Microsoft Patches 1990s-Era 'Ping of Death'

CWmike writes "Microsoft on Tuesday issued 13 security updates that patched 22 vulnerabilities in Internet Explorer, Windows, Office and other software, including one that harked back two decades to something dubbed 'Ping of Death.' While other patched vulnerabilities we more serious, one marked 'CVE-2011-1871' brought back memories for nCircle's Andrew Storms. 'This looks like the Ping of Death from the early-to-mid 1990s,' he said. 'Then, when a specially-crafted ping request was sent to a host, it caused the Windows PC to blue screen, and then reboot.' Two decades ago, the Ping of Death (YouTube video demonstration) was used to bring down Windows PCs remotely, often as a way to show the instability of the operating system."

POD has long since been patched.

[atlasdropperofworlds]

Just FYI, the POD doesn't affect any modern OSes. It used to bring down Windows NT (and earlier), early linux kernels, as well as Mac OS 7 back in the day.

Re:I remember the ping of death

[adolf]

I remember a few variations.

One, of course, was ping -f from a sufficiently fast pipe (or just an equally-slow pipe with better buffer management). I had a custom REXX script under OS/2 which took a username as input, and would finger each of the terminal servers of a local ISP, derive the IP address of that user, then issue a ping -f for that particular dialup user.

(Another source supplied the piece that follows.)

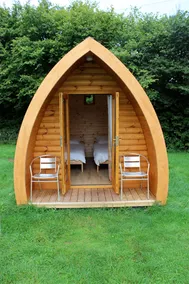 Broadstone Park Camping & Fishery - Image 1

It would cause their PPP sessions to timeout, at which point they'd disconnect. And it was fun, because I actually knew the people who I was disconnecting.

Tougher (or farther) targets at other hosts would get a ping -f from a blistering-fast (hah!) shared FreeBSD machine with a T1 connection. If -f didn't do it alone, increasing the packet size always did. Sometimes, it seemed that different packet sizes (not just larger ones) would make it happen sooner.

Around the same time, it was discovered (not by me) that sending an ICMP ping packet containing "+++ATH0" would instantly disconnect any user with a cheap modem by very neatly instructing their modem to do exactly that.

This worked because Hayes (rest their souls) had a patent on requiring a one second delay between +++ (aka "enter command mode") and any subsequent commands (ATH0 hangs up the modem). Makers of cheap modems wanted to pay as few royalties as possible, and they got their wish.

On most premium modems, or most old modems, it wasn't a problem, since it was required to have a delay between "+++" and any other command. But during the early winmodem days, it was a blast: Those cheap modems instantly dropped to command mode, and immediately executed anything after that.

You tell it to hang up, and that's just what it does.

It wasn't even really necessary to use ATH0, either: any old AT command would work, and would leave the modem in command mode instead of data mode. +++ATLM2L3, for instance, would result in a lot of noise from the modem speaker until their session timed out...

The ATH0 trick could be accomplished with IRCII using /ctcp [target] PING +++ATH0 or more generally with ping -p 2B2B2B41544829 [target IP or hostname] from a suitable *nix host.

It was fun being a kid back then, with OS-agnostic ways to be annoying. (I've grown up just slightly since then...)

Re:I remember the ping of death

[Jah-Wren+Ryel]

It really didn't do much unless your bombing your buddies dialup server, and thus tying up your dialup line. I guess it could be slightly annoying if you could get a shit ton of people to do it today.

I don't know what you are talking about, but it certainly isn't the ping of death. Maybe ping flooding? I personally wrote the patch for a now long defunct unix variant which fixed the actual "Ping of Death" vulnerability.

The way it worked was to send a ping with a 65536 byte payload - technically out of spec for the ICMP protocol by about 30 bytes in length. Since it was out of spec, most IP stacks were written with the assumption that it could never happen. But when it did happen, you got a buffer overflow that would usually panic the OS immediately. At the time, almost every OS on the net was vulnerable even the guys who didn't have BSD-derived stacks like MS Windows.

So all it took was one single oversized-sized icmp ping to crash just about any computer on the net. Imagine being able to take down all of google's internet presence with just a few thousand packets. Of course, at the time, there was no google.

Re:Misleading title

[guruevi]

That is stupid. Any IP host should respond to a ping. It's one way of testing if everything is working. Disabling ping just because your IP stack is buggy is security through obscurity. ICMP has to be implemented according to standard.